Teofilo spiega a Smitho la cosmologia bruniana, partendo dalla distruzione delle sfere aristoteliche: se si è sempre pensato che i cieli fossero sette per i pianeti e uno per le stelle fisse, è solo perché dalla Terra si osserva "vario moto, che si vedeva in sette, ed uno regolato in tutte l’altre stelle, che serbano perpetuamente la medesima equidistanza e regola", ma il motivo per cui le stelle sembrano muoversi allo stesso modo, è solo la loro enorme distanza da noi. Se dunque noi non vediamo i moti di quelle stelle, non è perché non vi siano, poiché non c'è ragione che non si verifichino negli astri gli stessi fenomeni presenti nelle altre parti del cosmo. "E però non denno esser chiamate fisse perché veramente serbino la medesima equidistanza da noi e tra loro; ma perché il loro moto non è sensibile a noi.", esattamente come quello di una nave molto distante che, pur procedendo velocemente, a noi appare ferma sull’orizzonte.

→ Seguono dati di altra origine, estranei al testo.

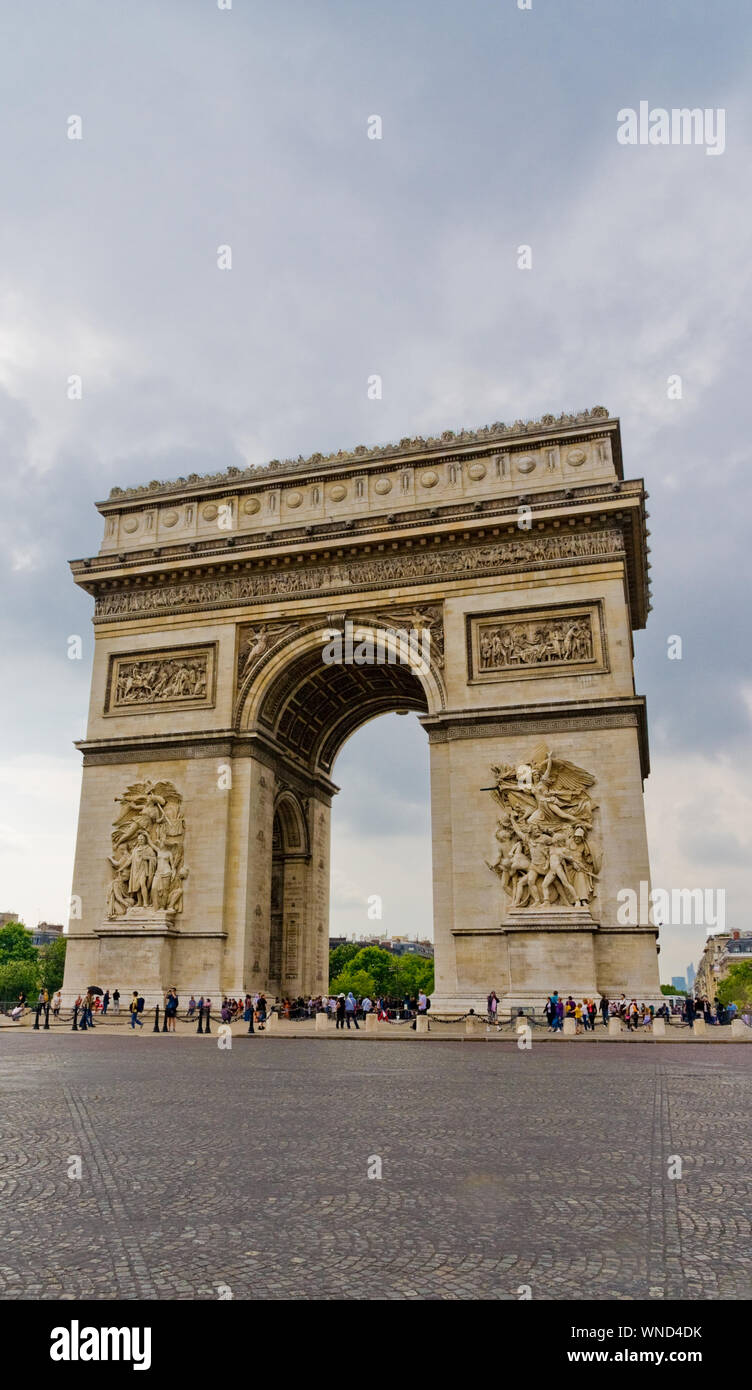 Schönes Portrait mit Blick auf den berühmten Triumphbogen in Paris, von Osten gesehen mit den beiden Skulpturen Le Départ und Le Triomphe an einem bewölkten, ... Stockfoto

Quanto a coloro che non riescono a pensare che un corpo così grande e pesante come la Terra possa muoversi, non si comprende perché poi ammettano questo moto per il Sole, la Luna e gli altri pianeti intorno alla Terra; infatti pesantezza e leggerezza non sono qualità intrinseche e assolute delle cose, ma dipendono dalla loro posizione nel cosmo in relazione con gli altri elementi. Come non vedere in queste lungimiranti parole un’anticipazione del concetto di gravità e della differenza tra peso e massa…?

Ma qual è la natura di questa materia di cui è costituito il nostro globo? Essa non si dissolve mai, bensì muta e si rinnova continuamente “cangiando le sue parti tutte” sia all’interno che in superficie "chè nel grembo e viscere della terra altre cose s'accoglieno, ed altre cose da quelle ne si mandan fuori." In questo contesto, l’uomo non ha alcuna condizione privilegiata: "e non è cosa nostra che non si faccia aliena e non è cosa aliena che non si faccia nostra". Le componenti del nostro essere andranno a formare altri esseri, così come il nostro essere è composto di elementi derivati da esseri diversi.

RITRATTO-AUTOGRAFO

 

In definitiva, il cambiamento è l’elemento dominante nell’Universo e niente è eterno, tranne la materia che, però, è in continua evoluzione. Questa sì che è vera immortalità, altro che Paradiso e Inferno…

La serata termina con l’augurio a Bruno di trovare sempre un uditorio all’altezza della sua sapienza e con la richiesta a tutti, nel caso si dovessero nuovamente incontrare in futuro, di dare il meglio di sé o di tacere.

No… Bruno non era umile né modesto, ma la storia della ricerca scientifica ha dimostrato che poteva permetterselo!

Il suo pensiero, infatti, anticipa molte tematiche che saranno sviluppate e dimostrate secoli dopo e lo fa con una naturalezza disarmante. Sembra quasi di sentirlo mentre, tra gioia e stupore, ci sussurra “E’ talmente ovvio… non può non essere così!”

 

2 commenti

  1. Mario Fiori

    Carissimo Enzo il grande Giordano Bruno molto spesso, nella Storia della Letteratura, viene visto un pó di traverso, viene ricordato come seguace delle arti magiche, ispiratore della Massoneria e via dicendo. Non è facile trovare qualcuno che invece capisca, o meglio voglia capire, la grandezza del suo pensiero e delle sue intuizioni (alcuni pur capendolo, a mio parere, hanno proprio paura di capirlo) nell'epoca da lui vissuta. Tutti lo ricordano per il suo carattere spregiudicato e sprezzante verso l'ordine costituito della Controriforma. Fu invece un grande iniziatore del pensiero libero e un grande ed intuitivo anticipatore.

  2. anche per me, Mario, è stato uno dei più grandi pensatori di sempre. E, come ben sappiamo, chi pensa troppo è sempre una mosca bianca da schiacciare.